South Silver Spring residents aren’t sure what should replace a self-storage facility at Newell Street and Eastern Avenue, where developer Comstock Homes wants to build a seven-story apartment building. Some would prefer a park, while others just want a shorter building.
With architects, landscape architects and lawyers in tow, Comstock hosted a meeting at the Silver Spring Civic Building last night to discuss their proposal, dubbed the Boulevard at Newell. It includes 187 apartments, 3,100 square feet of “neighborhood-serving” retail space, a pocket park and 206 parking spaces for residents and visitors.
Over 60 residents from South Silver Spring and the adjacent Shepherd Park neighborhood in the District came out to voice their opinions on the project. While most were unhappy with the proposal, a few expressed support. Steve Schmitz from Comstock stressed that he wanted to hear everyone’s opinion. “We’ll stay here until midnight if need be,” he said.
Though their proposal is already allowed under current zoning, Comstock is pursuing what’s called an optional method of development, which allows them to build at higher density in exchange for public amenities, such as the pocket park, and a more stringent review process by the county.
Comstock has been talking with the community since February, even convening a group of residents to discuss design issues. Schmitz ran down a list of changes to their original design, like increasing the amount of open space on site and reducing its height along Eastern Avenue, where the building faces single-family homes.
The proposed building could be similar to the Ellington, also designed by Torti Gallas. Photo by M.V. Jantzen on Flickr.
Architect Sherief Elfar of Torti Gallas and Partners noted that the Boulevard at Newell could make the walk to the Silver Spring Metro, less than a half-mile away, safer and more pleasant. “You have more people coming in and out, you have eyes on the street,” he said, which could deter crime.
A pocket park at the corner of Newell and Eastern with a small lawn and patio would take up nearly a quarter of the one-acre site. “In our view, we think it should be mostly green,” said landscape architect Trini Rodriguez of ParkerRodriguez. Her firm is designing the open spaces around the property, including a small courtyard behind the building that would buffer it from adjacent properties. Elfar pointed out that the Boulevard at Newell would be 33 feet away from Eastern Village Cohousing and 59 feet from 8045 Newell Street, the two buildings bordering the site.
Schmitz promised that Comstock will charge “one-quarter market rates” for the retail space, which would face the pocket park, to ensure that it wouldn’t stay vacant like other would-be shops in South Silver Spring. He saw it being an independent business, like a coffee shop. “Whatever the community feels it needs, we can attract that tenant,” he said.
While the building’s design is far from finished, Elfar pointed to other Torti Gallas projects, like the Ellington on U Street, as an example of how it could look.

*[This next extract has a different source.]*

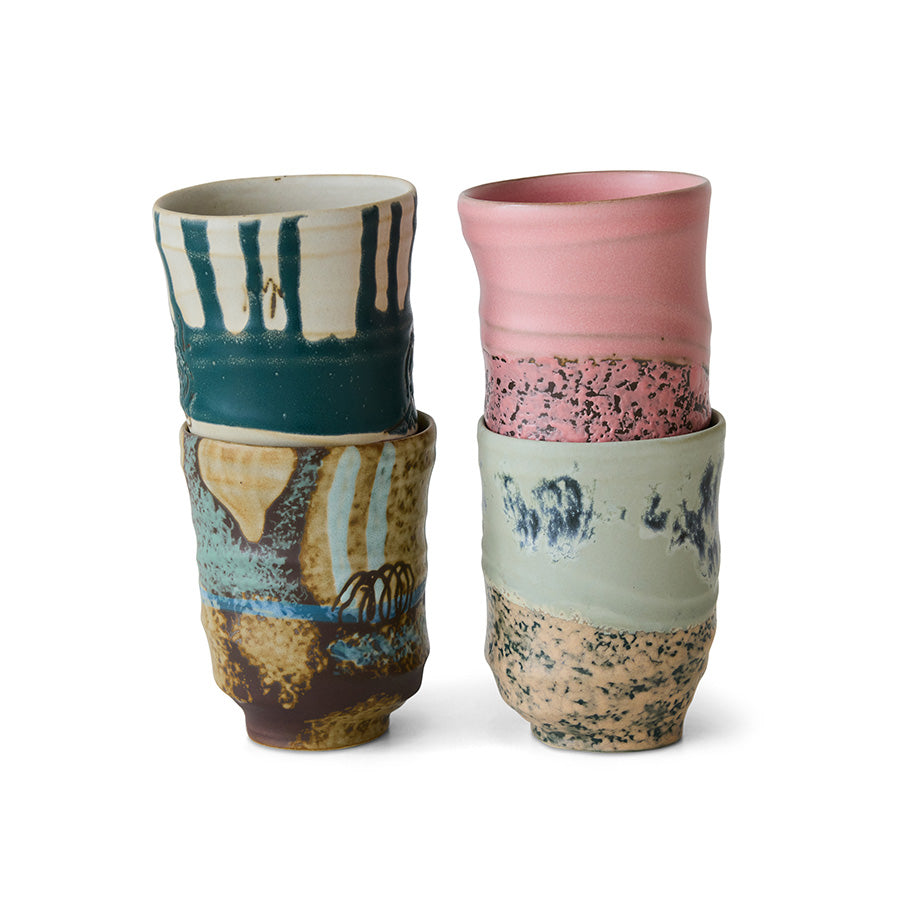 Artist Ceramic Coffee Mugs (set of 4)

One goal is to break the building up into multiple façades, giving “the impression . . . that it’s one or two buildings as you walk by,” he said.
Eastern Village’s roof garden. Residents of this building say the seven-story Boulevard at Newell would block their views.

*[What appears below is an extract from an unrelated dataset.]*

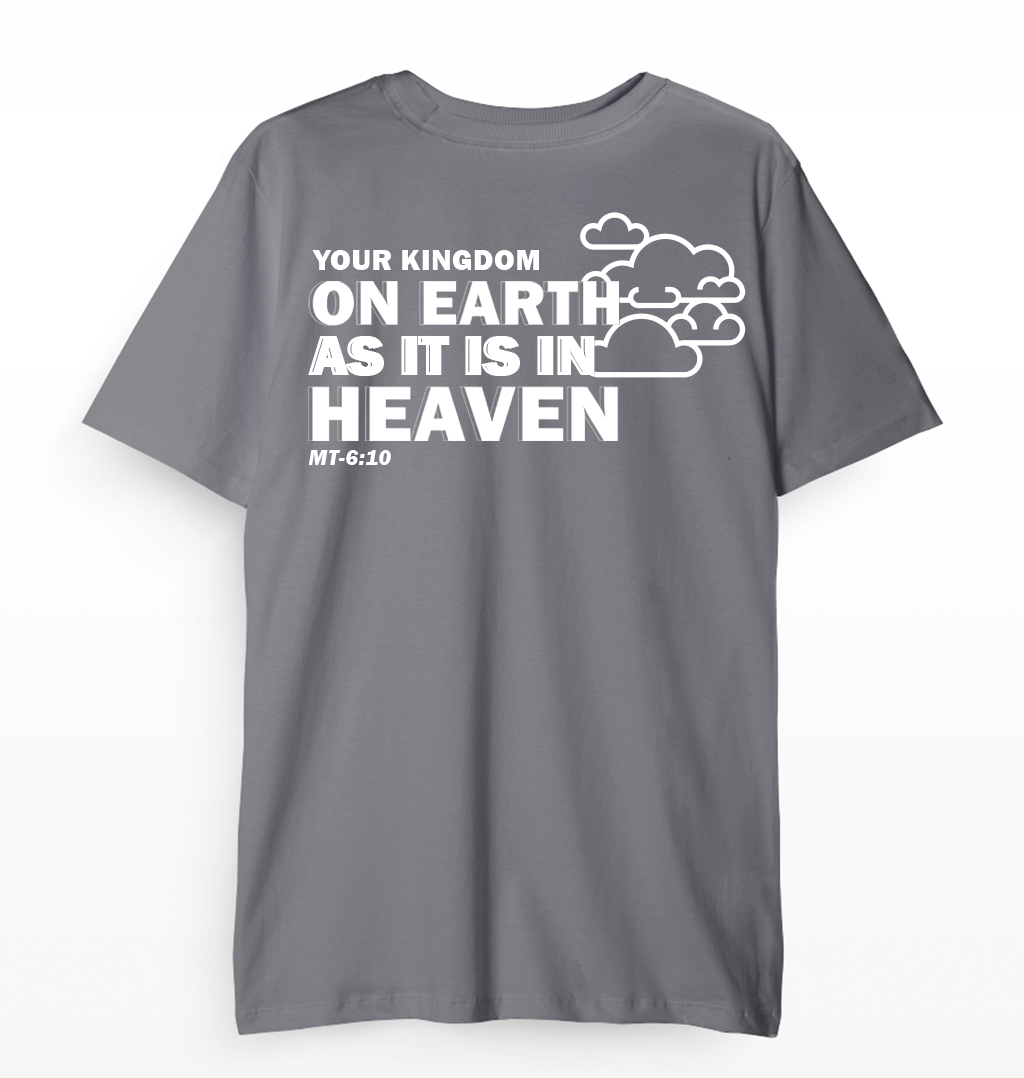 Camiseta Christocentric — Mateus 6:10 - Chumbo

However, some neighbors weren’t impressed. They warned that the building didn’t have enough parking, would block their views, and that the retail space would attract “undesirables.” One Eastern Village resident said that apartments facing her building shouldn’t have patios, saying that her future neighbors could have “barbeques and parties” on them while “smoking and drinking.”
Another resident living in 8045 Newell who didn’t give her name railed against the “density and brutalistic architecture” of the proposal. “I won’t say it was dishonest, but your presentation was disingenuous at best,” she said, claiming that she and her neighbors were promised that new buildings in the neighborhood would be condominiums, not apartments.
Others lamented that the building was too tall, noting that most buildings along Eastern Avenue had less than four stories. One resident suggested taking out the pocket park if it meant the building could be shorter. “I will only consider four stories if I can get the same number of units,” Schmitz replied, arguing that the project needed a certain number of apartments to be financially viable.
Supporters said the project was appropriate for the neighborhood. “This is a site that is maybe eight minutes from Metro in a major city,” said one South Silver Spring resident, who asked that her name wasn’t used. “Density can be expected.”
"The county has appropriately designated certain areas as business districts and that is where the higher density should continue to take place,” wrote Jessica Evans, who lives on East-West Highway and serves on the Silver Spring Urban District Advisory Committee, in an e-mail after the meeting. She hopes that other building owners in South Silver Spring would follow Comstock’s lead and lower the rents for their vacant storefronts.
Comstock hopes to file their plans with the Planning Department next month, with a public hearing to follow in the winter. If everything goes smoothly, they expect to start construction on the Boulevard at Newell in 2014.